One of these was Frank Kameny, who co-founded the Mattachines’ Washington DC chapter in 1961 after being fired from his job as an astronomer with the US Army Map Service in 1957 when his bosses discovered he was gay.

Members of the Mattachines were debating the issue of same-sex marriage as early as 1959.

During the 1960s they were openly picketing state capitols and the White House and were being interviewed on American television under their real names as early as 1964.

The Mattachines would inspire the first generation of activists who would label themselves ‘gay’ and form the modern LGBTQI rights movement of the post Stonewall period that we know today.

Stonewall, in 1969 would, in turn, inspire Sydney’s first Mardi Gras in 1978 and the Star Observer was launched a year later.

There is a direct line running through history from Karl Heinrich Ulrichs’ pioneering work in the 1860s in Germany all the way to this very moment that you are reading these words, dear reader, and in a very tangible way we all have him to thank for beginning the fight for the rights and freedom to love that we enjoy today.

Ulrichs message to the world is best summed up in his booklet, Araxes:

“The Urning, too, is a person. He, too, therefore has inalienable rights. His sexual orientation is a right established by nature. Legislators have no right to veto nature; no right to persecute nature in the course of its work; no right to torture living creatures who are subject to those drives nature gave them.”

“The Urning is also a citizen. He, too, has civil rights; and according to these rights, the state has certain duties to fulfill as well. The state does not have the right to act on whimsy or for the sheer love of persecution. The state is not authorised, as in the past, to treat Urnings as outside the pale of the law.”

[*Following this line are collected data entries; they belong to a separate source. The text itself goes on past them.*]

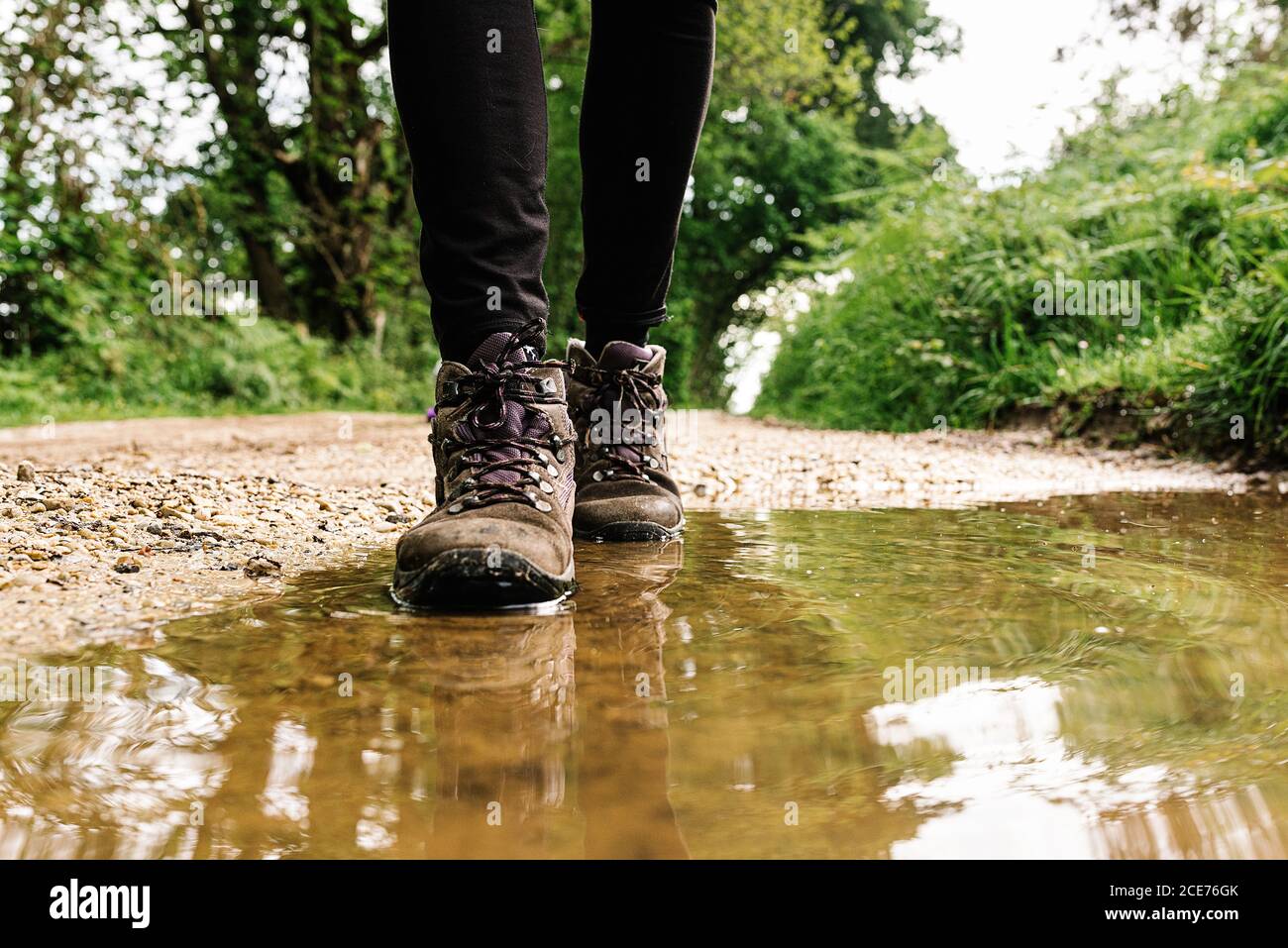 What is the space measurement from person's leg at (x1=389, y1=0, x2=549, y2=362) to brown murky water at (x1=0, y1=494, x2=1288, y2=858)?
471 millimetres

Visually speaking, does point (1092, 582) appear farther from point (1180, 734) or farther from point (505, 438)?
point (505, 438)

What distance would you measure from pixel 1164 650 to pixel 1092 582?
351 mm

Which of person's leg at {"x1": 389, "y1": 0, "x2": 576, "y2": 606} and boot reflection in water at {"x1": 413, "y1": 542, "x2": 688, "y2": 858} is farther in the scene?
person's leg at {"x1": 389, "y1": 0, "x2": 576, "y2": 606}

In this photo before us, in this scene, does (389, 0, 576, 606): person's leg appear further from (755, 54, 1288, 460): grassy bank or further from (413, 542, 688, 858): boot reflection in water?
(755, 54, 1288, 460): grassy bank

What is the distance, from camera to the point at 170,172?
10633mm

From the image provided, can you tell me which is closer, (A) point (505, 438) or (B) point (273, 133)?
(A) point (505, 438)

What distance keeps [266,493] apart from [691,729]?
165 centimetres

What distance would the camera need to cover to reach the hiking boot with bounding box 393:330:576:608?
3.80ft

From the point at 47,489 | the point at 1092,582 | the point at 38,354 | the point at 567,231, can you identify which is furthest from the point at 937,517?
the point at 567,231

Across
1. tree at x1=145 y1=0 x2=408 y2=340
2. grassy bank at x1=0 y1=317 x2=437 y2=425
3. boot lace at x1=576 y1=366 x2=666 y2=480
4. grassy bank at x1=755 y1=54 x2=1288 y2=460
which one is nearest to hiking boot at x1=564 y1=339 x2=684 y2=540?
boot lace at x1=576 y1=366 x2=666 y2=480

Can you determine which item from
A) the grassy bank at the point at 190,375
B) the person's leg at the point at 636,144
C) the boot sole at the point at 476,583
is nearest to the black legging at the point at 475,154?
the person's leg at the point at 636,144

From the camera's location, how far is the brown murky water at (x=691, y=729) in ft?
1.93

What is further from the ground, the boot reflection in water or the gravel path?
the boot reflection in water

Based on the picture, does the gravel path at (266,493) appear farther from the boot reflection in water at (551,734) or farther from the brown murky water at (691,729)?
the boot reflection in water at (551,734) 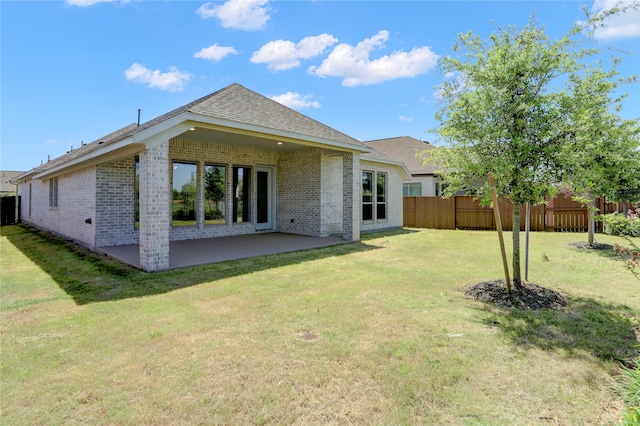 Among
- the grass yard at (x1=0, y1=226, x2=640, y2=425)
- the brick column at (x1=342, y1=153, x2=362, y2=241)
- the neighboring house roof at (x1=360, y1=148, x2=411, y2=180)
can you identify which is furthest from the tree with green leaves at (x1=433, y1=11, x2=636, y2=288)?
the neighboring house roof at (x1=360, y1=148, x2=411, y2=180)

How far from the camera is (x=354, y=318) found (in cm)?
419

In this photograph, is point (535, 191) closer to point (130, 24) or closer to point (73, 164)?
point (73, 164)

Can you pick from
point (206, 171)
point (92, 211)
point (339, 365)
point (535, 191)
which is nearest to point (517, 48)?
point (535, 191)

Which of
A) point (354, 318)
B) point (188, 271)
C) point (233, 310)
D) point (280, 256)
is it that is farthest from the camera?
point (280, 256)

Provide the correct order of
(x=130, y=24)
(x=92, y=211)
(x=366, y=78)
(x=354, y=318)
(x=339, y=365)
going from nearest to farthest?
1. (x=339, y=365)
2. (x=354, y=318)
3. (x=92, y=211)
4. (x=130, y=24)
5. (x=366, y=78)

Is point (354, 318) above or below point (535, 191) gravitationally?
below

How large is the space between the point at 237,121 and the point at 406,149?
18117mm

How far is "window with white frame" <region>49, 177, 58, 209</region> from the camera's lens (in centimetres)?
1397

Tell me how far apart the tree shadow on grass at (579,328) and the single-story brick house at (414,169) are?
48.2 feet

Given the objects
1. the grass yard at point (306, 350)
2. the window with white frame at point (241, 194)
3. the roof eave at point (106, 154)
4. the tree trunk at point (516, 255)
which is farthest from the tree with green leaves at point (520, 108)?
the window with white frame at point (241, 194)

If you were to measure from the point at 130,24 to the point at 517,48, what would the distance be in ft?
38.9

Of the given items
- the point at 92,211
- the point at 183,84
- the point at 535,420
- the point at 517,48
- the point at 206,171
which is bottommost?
the point at 535,420

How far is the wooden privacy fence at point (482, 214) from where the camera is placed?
14703 mm

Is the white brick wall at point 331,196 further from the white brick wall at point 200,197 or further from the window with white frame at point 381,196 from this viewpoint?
the window with white frame at point 381,196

“Just because Urnings are unfortunate enough to be a small minority, no damage can be done to their inalienable rights and to their civil rights.”

“Legislators should give up hope … of uprooting the Uranian sexual drive at any time. Even the fiery pyres upon which they burned Urnings in earlier centuries could not accomplish this. Even to gag and tie them up was useless. The battle against nature is a hopeless one. Even the most powerful government, with all the means of coercion it can bring to bear, is too weak.”